**Work task:** Reproduce the data exactly.

**Web page caption snippets:**
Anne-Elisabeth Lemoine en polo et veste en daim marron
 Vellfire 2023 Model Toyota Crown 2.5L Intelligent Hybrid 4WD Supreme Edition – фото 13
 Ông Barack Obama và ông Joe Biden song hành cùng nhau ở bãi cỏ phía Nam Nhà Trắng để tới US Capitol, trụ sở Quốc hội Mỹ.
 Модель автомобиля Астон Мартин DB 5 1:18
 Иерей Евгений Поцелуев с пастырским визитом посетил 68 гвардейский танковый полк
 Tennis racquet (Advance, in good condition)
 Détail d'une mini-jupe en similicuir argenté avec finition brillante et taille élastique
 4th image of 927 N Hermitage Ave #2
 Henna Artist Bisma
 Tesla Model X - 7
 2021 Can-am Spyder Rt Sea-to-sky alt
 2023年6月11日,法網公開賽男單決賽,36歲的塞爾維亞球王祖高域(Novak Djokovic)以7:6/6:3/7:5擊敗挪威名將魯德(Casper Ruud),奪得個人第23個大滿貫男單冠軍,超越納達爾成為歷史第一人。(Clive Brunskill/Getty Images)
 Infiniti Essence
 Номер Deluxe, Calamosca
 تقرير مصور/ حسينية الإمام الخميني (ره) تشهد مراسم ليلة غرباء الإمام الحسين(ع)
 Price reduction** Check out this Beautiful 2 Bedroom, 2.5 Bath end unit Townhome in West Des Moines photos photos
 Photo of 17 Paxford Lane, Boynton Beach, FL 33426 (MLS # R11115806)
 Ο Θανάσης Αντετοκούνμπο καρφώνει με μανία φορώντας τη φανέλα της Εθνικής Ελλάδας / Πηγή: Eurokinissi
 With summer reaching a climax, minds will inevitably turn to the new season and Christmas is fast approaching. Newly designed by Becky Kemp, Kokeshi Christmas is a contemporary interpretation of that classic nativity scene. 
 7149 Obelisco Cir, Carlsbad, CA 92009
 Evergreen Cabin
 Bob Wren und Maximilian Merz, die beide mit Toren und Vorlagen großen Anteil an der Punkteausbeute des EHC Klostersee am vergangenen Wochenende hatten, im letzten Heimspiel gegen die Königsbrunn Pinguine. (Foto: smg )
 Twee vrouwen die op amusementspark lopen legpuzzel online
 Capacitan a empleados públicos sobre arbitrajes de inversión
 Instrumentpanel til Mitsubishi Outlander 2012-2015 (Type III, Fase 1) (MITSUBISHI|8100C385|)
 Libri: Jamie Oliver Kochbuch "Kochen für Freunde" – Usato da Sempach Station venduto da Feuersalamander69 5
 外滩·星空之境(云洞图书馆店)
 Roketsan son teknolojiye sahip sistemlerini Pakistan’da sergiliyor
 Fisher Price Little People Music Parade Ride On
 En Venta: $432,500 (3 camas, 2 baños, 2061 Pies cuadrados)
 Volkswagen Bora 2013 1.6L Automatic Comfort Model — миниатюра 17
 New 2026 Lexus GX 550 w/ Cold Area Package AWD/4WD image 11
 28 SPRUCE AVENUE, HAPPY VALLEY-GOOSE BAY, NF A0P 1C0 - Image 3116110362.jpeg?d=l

**Written response:**
Anne-Elisabeth Lemoine en polo et veste en daim marron
 Vellfire 2023 Model Toyota Crown 2.5L Intelligent Hybrid 4WD Supreme Edition – фото 13
 Ông Barack Obama và ông Joe Biden song hành cùng nhau ở bãi cỏ phía Nam Nhà Trắng để tới US Capitol, trụ sở Quốc hội Mỹ.
 Модель автомобиля Астон Мартин DB 5 1:18
 Иерей Евгений Поцелуев с пастырским визитом посетил 68 гвардейский танковый полк
 Tennis racquet (Advance, in good condition)
 Détail d'une mini-jupe en similicuir argenté avec finition brillante et taille élastique
 4th image of 927 N Hermitage Ave #2
 Henna Artist Bisma
 Tesla Model X - 7
 2021 Can-am Spyder Rt Sea-to-sky alt
 2023年6月11日,法網公開賽男單決賽,36歲的塞爾維亞球王祖高域(Novak Djokovic)以7:6/6:3/7:5擊敗挪威名將魯德(Casper Ruud),奪得個人第23個大滿貫男單冠軍,超越納達爾成為歷史第一人。(Clive Brunskill/Getty Images)
 Infiniti Essence
 Номер Deluxe, Calamosca
 تقرير مصور/ حسينية الإمام الخميني (ره) تشهد مراسم ليلة غرباء الإمام الحسين(ع)
 Price reduction** Check out this Beautiful 2 Bedroom, 2.5 Bath end unit Townhome in West Des Moines photos photos
 Photo of 17 Paxford Lane, Boynton Beach, FL 33426 (MLS # R11115806)
 Ο Θανάσης Αντετοκούνμπο καρφώνει με μανία φορώντας τη φανέλα της Εθνικής Ελλάδας / Πηγή: Eurokinissi
 With summer reaching a climax, minds will inevitably turn to the new season and Christmas is fast approaching. Newly designed by Becky Kemp, Kokeshi Christmas is a contemporary interpretation of that classic nativity scene. 
 7149 Obelisco Cir, Carlsbad, CA 92009
 Evergreen Cabin
 Bob Wren und Maximilian Merz, die beide mit Toren und Vorlagen großen Anteil an der Punkteausbeute des EHC Klostersee am vergangenen Wochenende hatten, im letzten Heimspiel gegen die Königsbrunn Pinguine. (Foto: smg )
 Twee vrouwen die op amusementspark lopen legpuzzel online
 Capacitan a empleados públicos sobre arbitrajes de inversión
 Instrumentpanel til Mitsubishi Outlander 2012-2015 (Type III, Fase 1) (MITSUBISHI|8100C385|)
 Libri: Jamie Oliver Kochbuch "Kochen für Freunde" – Usato da Sempach Station venduto da Feuersalamander69 5
 外滩·星空之境(云洞图书馆店)
 Roketsan son teknolojiye sahip sistemlerini Pakistan’da sergiliyor
 Fisher Price Little People Music Parade Ride On
 En Venta: $432,500 (3 camas, 2 baños, 2061 Pies cuadrados)
 Volkswagen Bora 2013 1.6L Automatic Comfort Model — миниатюра 17
 New 2026 Lexus GX 550 w/ Cold Area Package AWD/4WD image 11
 28 SPRUCE AVENUE, HAPPY VALLEY-GOOSE BAY, NF A0P 1C0 - Image 3116110362.jpeg?d=l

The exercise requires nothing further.